This is the code of paper ``Contrastive Coding for Active Learning under Class Distribution Mismatch'' with python.

Related tags

Deep LearningCCAL
Overview

Contrastive Coding for Active Learning under Class Distribution Mismatch

Official PyTorch implementation of ["Contrastive Coding for Active Learning under Class Distribution Mismatch"]( ICCV2021)

1. Requirements

Environments

Currently, requires following packages.

  • CUDA 10.1+
  • python == 3.7.9
  • pytorch == 1.7.1
  • torchvision == 0.8.2
  • scikit-learn == 0.24.0
  • tensorboardx == 2.1
  • matplotlib == 3.3.3
  • numpy == 1.19.2
  • scipy == 1.5.3
  • apex == 0.1
  • diffdist == 0.1
  • pytorch-gradual-warmup-lr packages

Datasets

For CIFAR10 and CIFAR100, we provide a function to automatically download and preprocess the data, you can also download the datasets from the link, and please download it to ~/data.

2. Training

Currently, all code examples are assuming distributed launch with 4 multi GPUs. To run the code with single GPU, remove -m torch.distributed.launch --nproc_per_node=4.

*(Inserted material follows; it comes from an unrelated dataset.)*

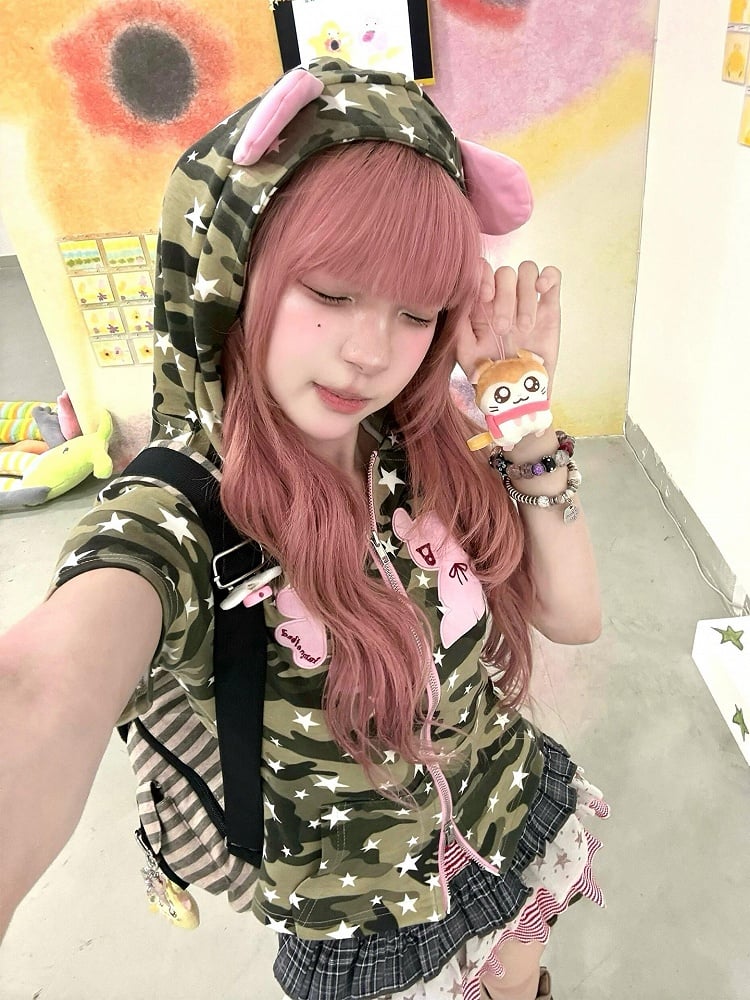 Bear Zip-Up Subculture with Ears Hood Camouflage T-shirt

Semantic feature extraction

To train semantic feature extraction in the paper, run this command:

CUDA_VISIBLE_DEVICES=0,1,2,3 python -m torch.distributed.launch --nproc_per_node=4 contrast_main.py --mismatch 0.8 --dataset <DATASET> --model <NETWORK> --mode senmatic --shift_trans_type none --batch_size 32 --epoch <EPOCH> --logdir './model/semantic'
  • Option
  • For CIFAR10, set --datatset cifar10, else set --datatset cifar100.
  • In our experiment, we set --epoch 700 in cfar10 and --epoch 2000 in cifar100 .
  • And we set mismatch = 0.2, 0.4, 0.6, 0.8.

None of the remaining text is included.